▸ **Problem to solve**
Within the listing that follows, reproduce exactly the lines starting at the line with "Ford Kuga 39 interauto-car" and ending at the line with "Playa de Mughsai", inclusive, and only those. Pictures are dropped.

▸ **Data provided**

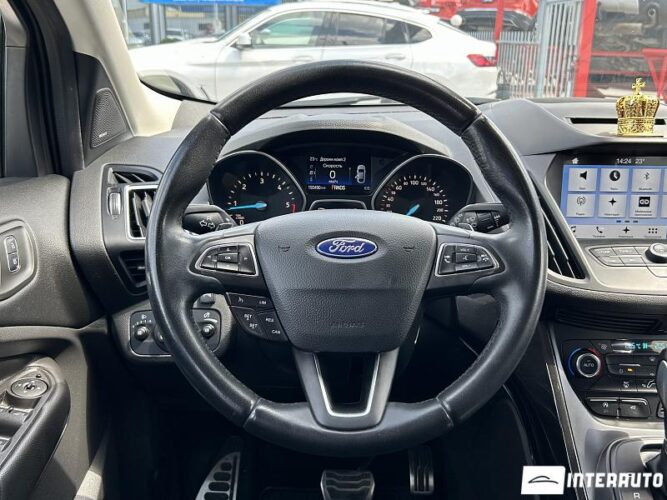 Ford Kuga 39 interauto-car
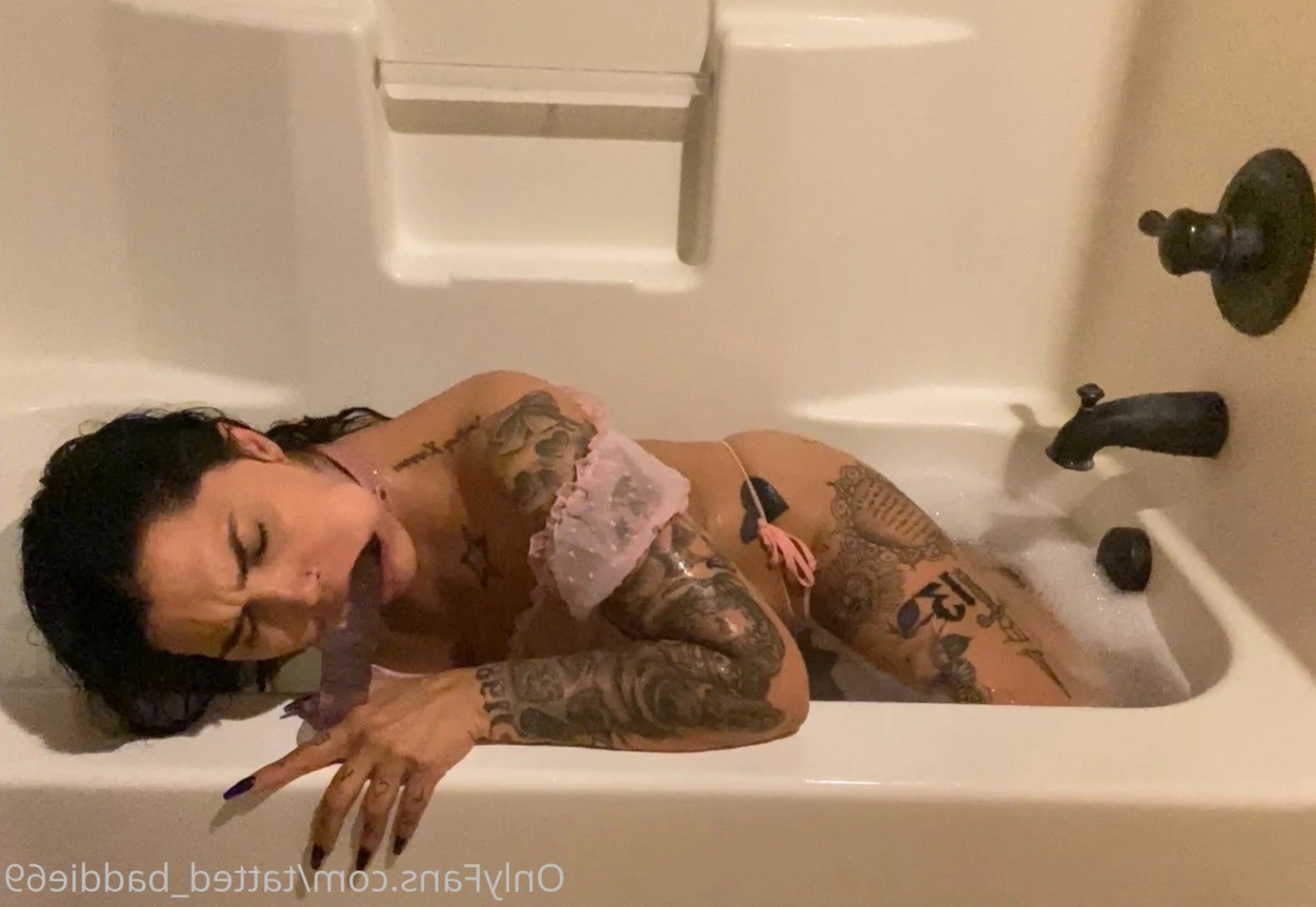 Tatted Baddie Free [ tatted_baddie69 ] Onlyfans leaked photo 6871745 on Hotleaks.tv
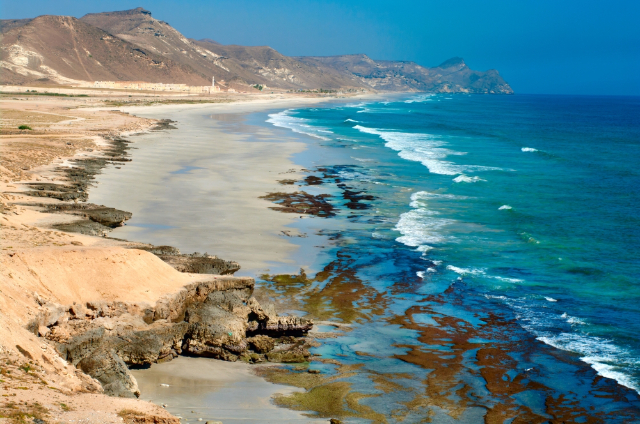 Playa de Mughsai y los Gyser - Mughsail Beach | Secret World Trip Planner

--

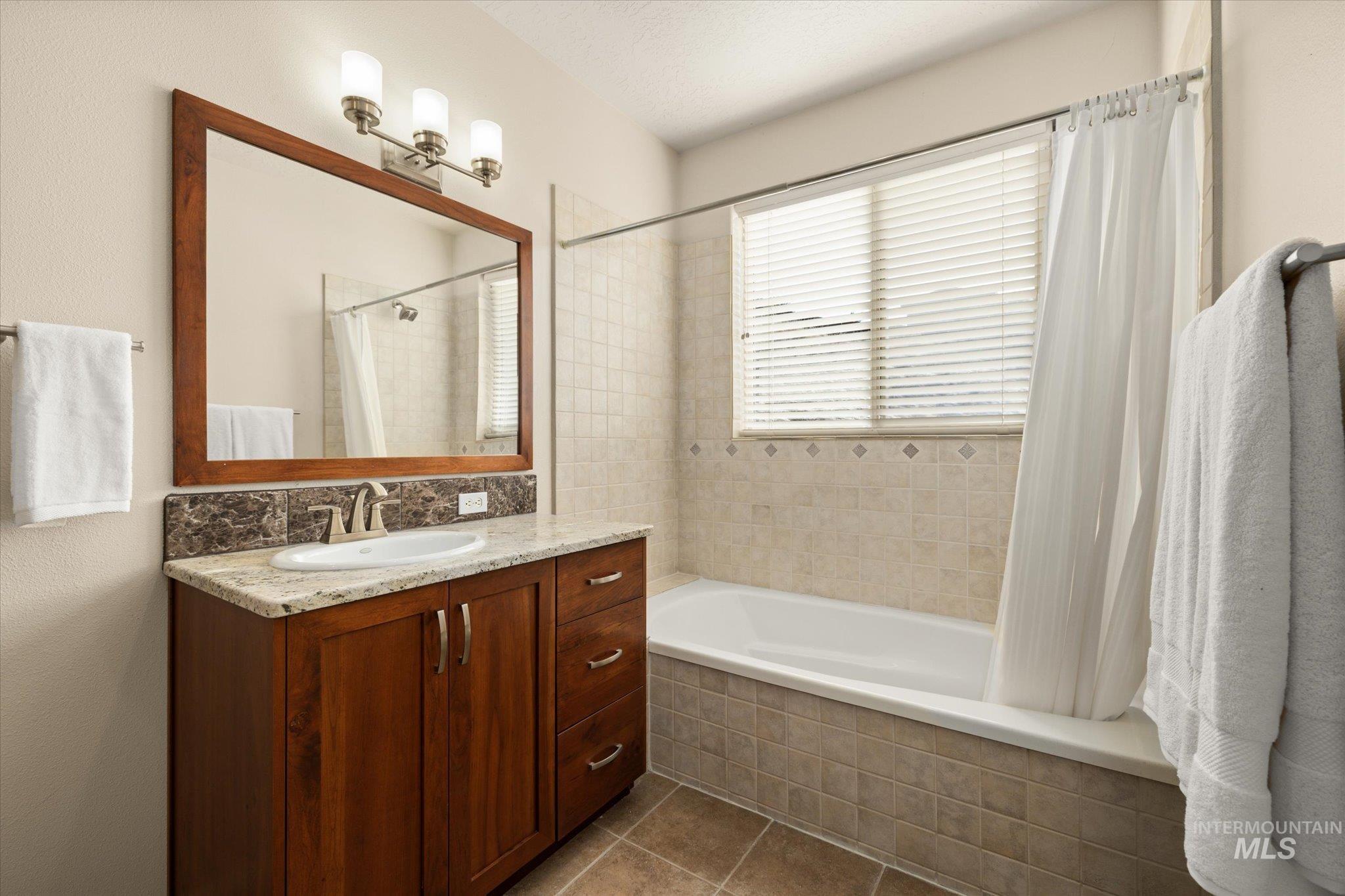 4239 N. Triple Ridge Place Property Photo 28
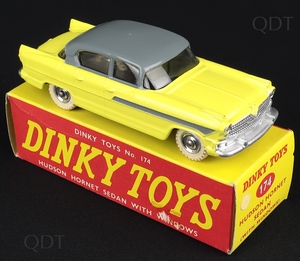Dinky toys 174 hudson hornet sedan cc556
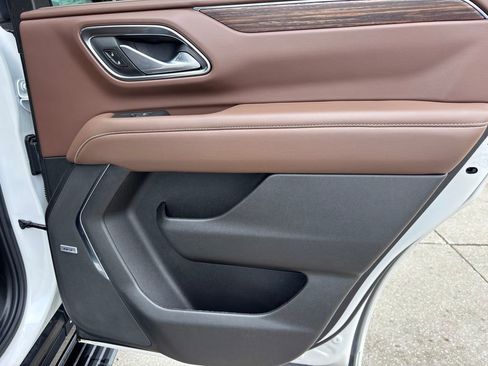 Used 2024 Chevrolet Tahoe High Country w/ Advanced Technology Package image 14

* * *

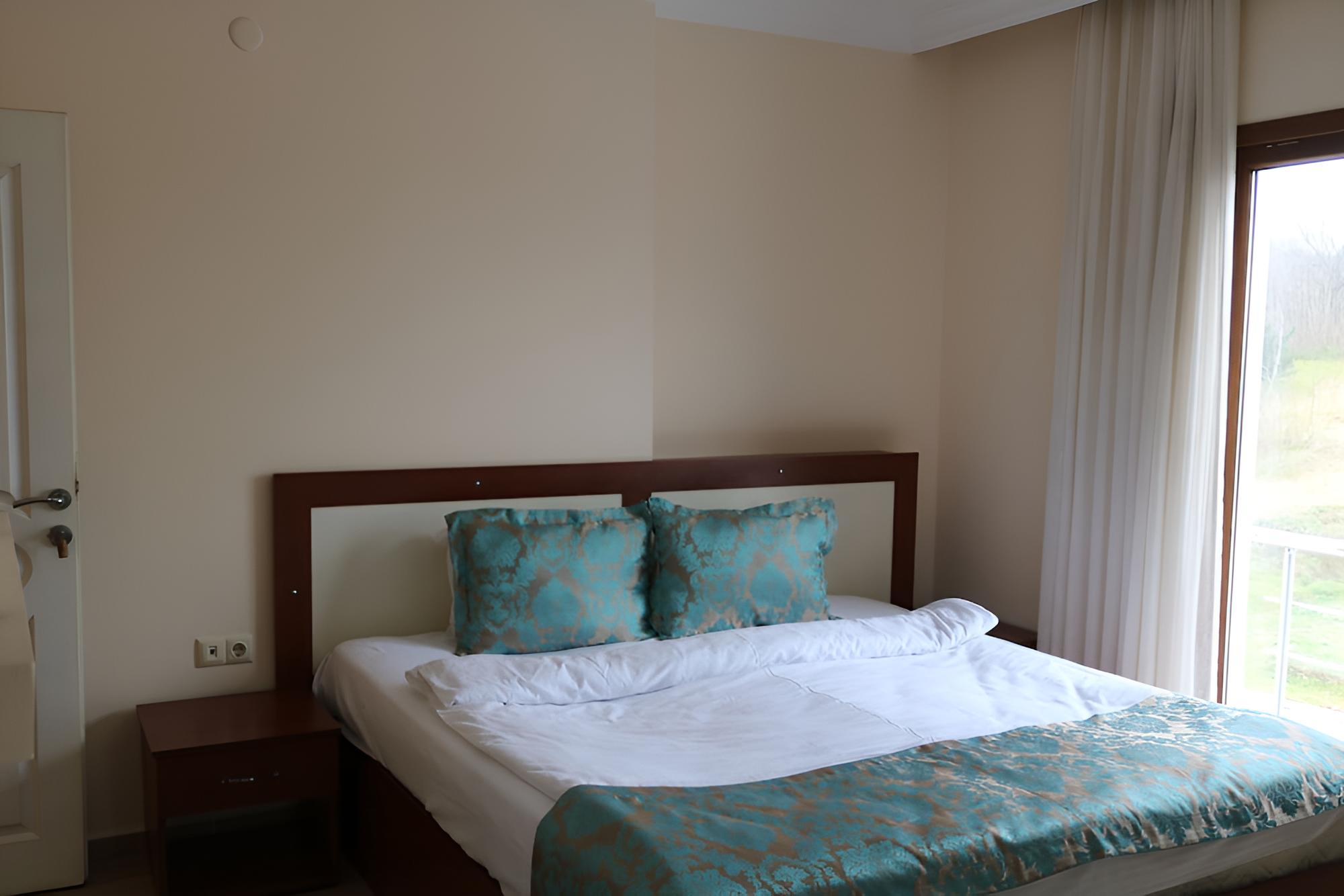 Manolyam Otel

▸ **Response**
 Ford Kuga 39 interauto-car
 Tatted Baddie Free [ tatted_baddie69 ] Onlyfans leaked photo 6871745 on Hotleaks.tv
 Playa de Mughsai y los Gyser - Mughsail Beach | Secret World Trip Planner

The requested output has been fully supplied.